Businesses must take a proactive approach to security that assumes all defenses will fail at some point. When defenses fail, you must be ready and prepared to address threats and mitigate them quickly. Be vigilant with your security efforts and include them in your corporate culture. On top of this, take advantage of the technology solutions available today that make cardholder data useless to attackers if they do steal it.
CSO: How should CSOs move to offense? What strategy and tactics will be the most effective?

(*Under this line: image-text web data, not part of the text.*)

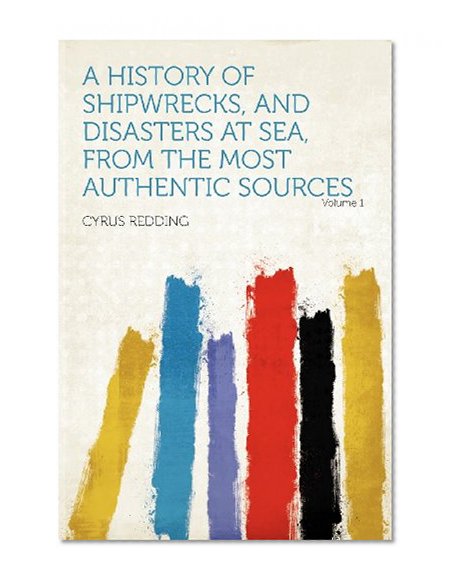 A History of Shipwrecks, and Disasters at Sea, From the Most Authentic Sources Volume 1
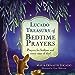 Lucado Treasury of Bedtime Prayers: Prayers for bedtime and every time of day!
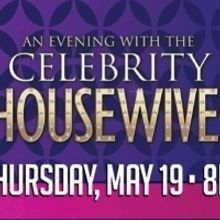 AN EVENING WITH THE CELEBRITY HOUSEWIVES Comes to Patchogue Theatre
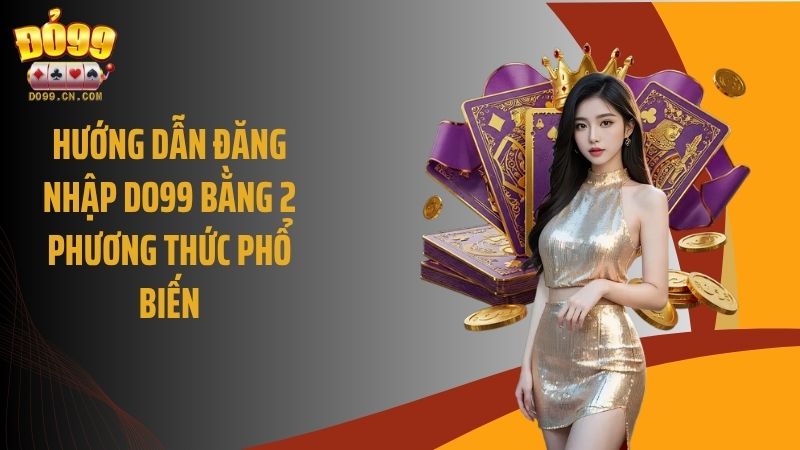 Hướng dẫn đăng nhập Do99 bằng 2 phương thức phổ biến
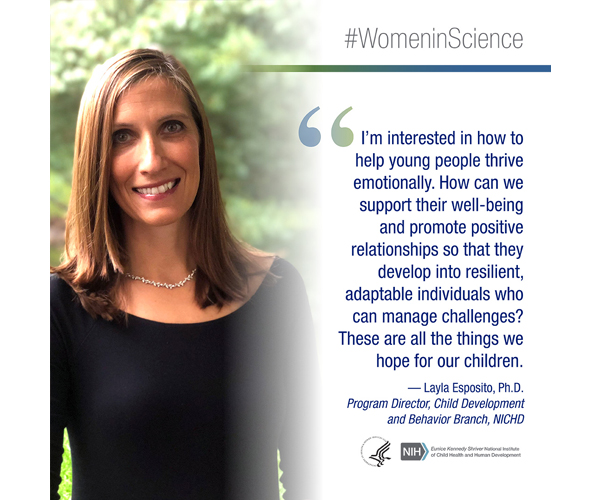 Women in Science quote from Layla Esposito, Ph.D., program director with NICHD's Child Development and Behavior Branch: 'I'm interested in how to help young people thrive emotionally. How can we support their well-being and promote positive relationships so that they develop into resilient, adaptable individuals who can manage challenges? These are all the things we hope for our children.'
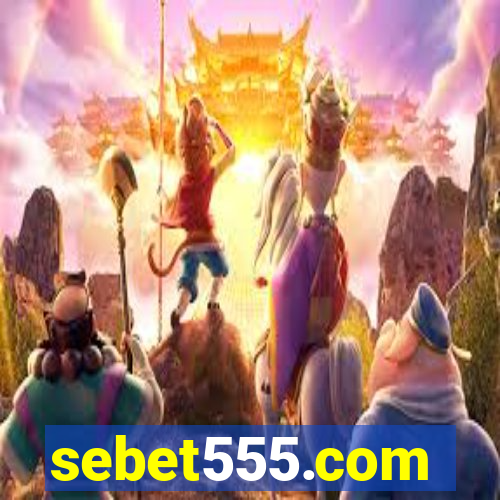 sebet555.com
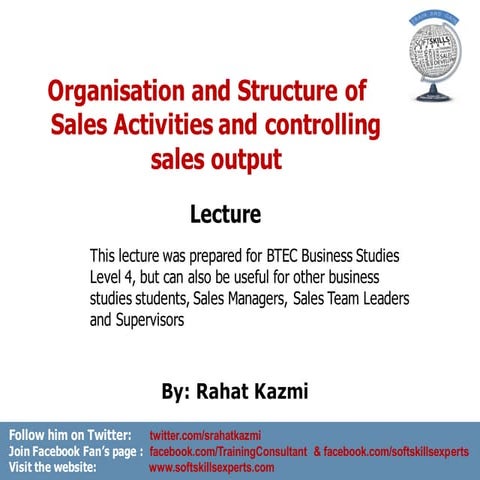 Lecture, organisation and structure of sales activities and controlling sales...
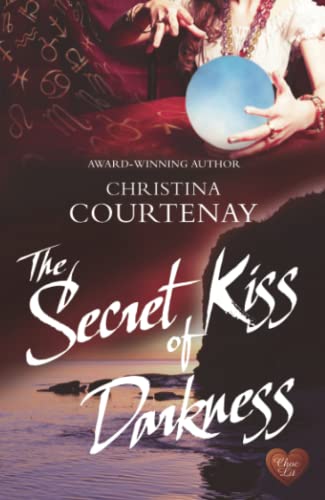 The Secret Kiss of Darkness von Choc Lit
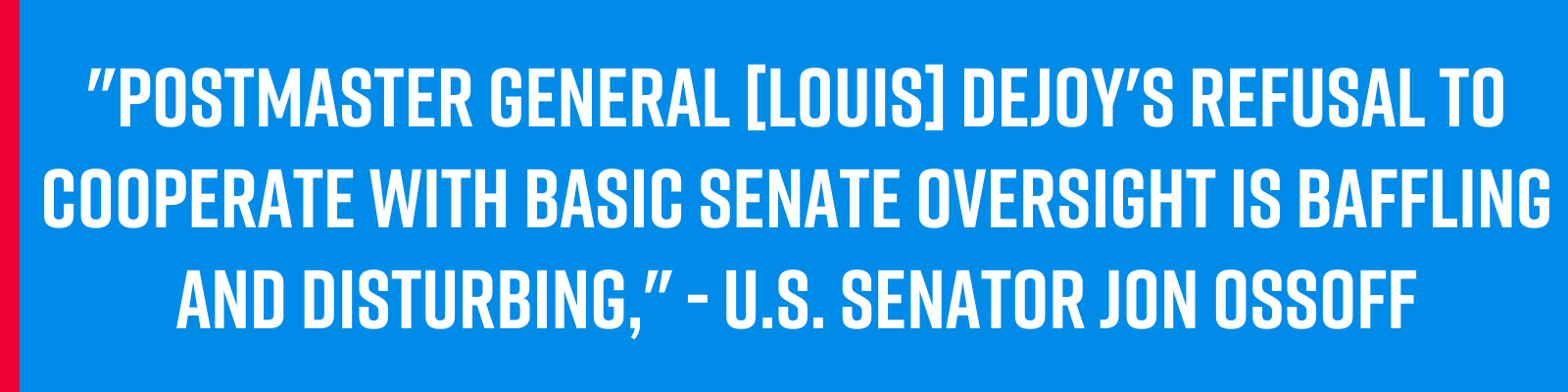 'Postmaster General [Louis] DeJoy's refusal to cooperate with basic Senate oversight is baffling and disturbing,'' - U.S. Senator Jon Ossoff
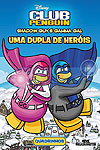 Club Penguin Shadow Guy e Gamma Gal Uma Dupla de Heróis  - Melhoramentos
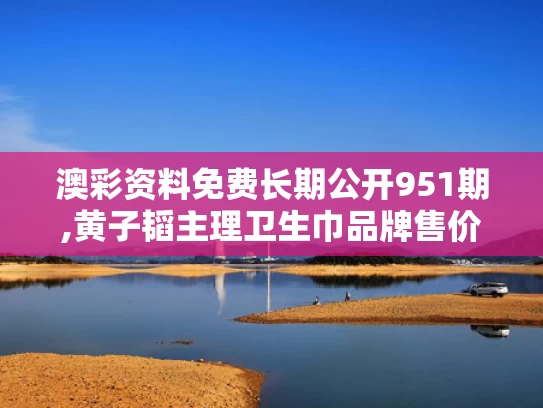澳彩资料免费长期公开951期,黄子韬主理卫生巾品牌售价公布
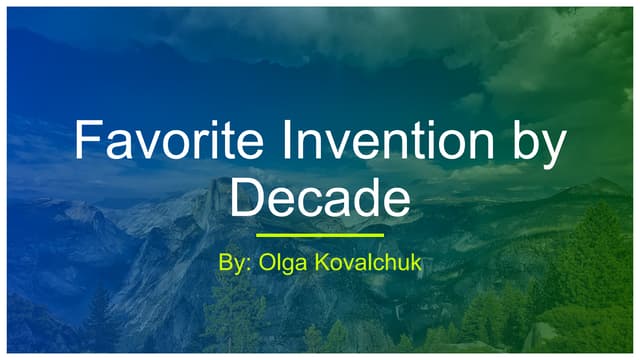 Favorite invention by decade PPT Favorite invention by decade PPT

Orfei: If we've learned anything from recent incidents, it's that payment security equals job security. Security is no longer merely "nice to have." It is critical to the success of any organization that accepts or processes payment cards. Businesses must prioritize security when making investments and take advantage of the technology solutions available today that help do this.
We urge executives to instill a culture of vigilance from the top down. Make PCI part of your "business as usual" routine. Doing just one security scan a year isn't going to cut it. We all need to admit that we're humans we make mistakes, so we must do everything in our power to stop costly accidents from happening. You are a part of the process of offensive security.
Starting in the boardroom, the conversation has to change from one that's compliance-based to a new focus on reducing risk and increasing security, every day and year-round not just at assessment time.
CSO: Explain how a "risk mitigation" approach differs from a compliance focus.
Orfei: Compliance is just a point-in-time measurement. Asking, "Am I compliant?" is not the same thing as, "Do I have a strong security strategy for continuously protecting payment card data?" We have to flip this focus and move the dialogue away from passing an audit once a year to building a culture of security vigilance that reduces risk with multi-layer controls.
CSO: How can the PCI DSS keep up with constantly evolving threats? Should it issue regular "patches" to its standards?
Orfei: "Patching" the DSS is not the right metaphor. A patch is issued to fix an error made by a programmer while writing software code. The DSS itself is a strong baseline standard to help businesses detect, prevent and defend against attacks on their systems. And we are committed to evolving not just the DSS, but all of the standards, best practices, guidance and solutions that can help businesses protect their payment information. For example, the council recently issued guidance on malware in response to threat vectors that have emerged in recent months.
CSO: Third-party relationships are said to be one of the most significant vulnerabilities for companies. What do you recommend for engaging and managing security within those relationships?
Orfei: Security is only as good as your weakest link which means the security practices of your business partners should be as high a priority as the integrity of your own systems. Proper due diligence and a risk assessment is critical in choosing trusted partners to ensure the security of your payment data and systems. One of our Special Interest Groups recently developed an excellent resource for businesses that provides practical recommendations on tackling this challenge.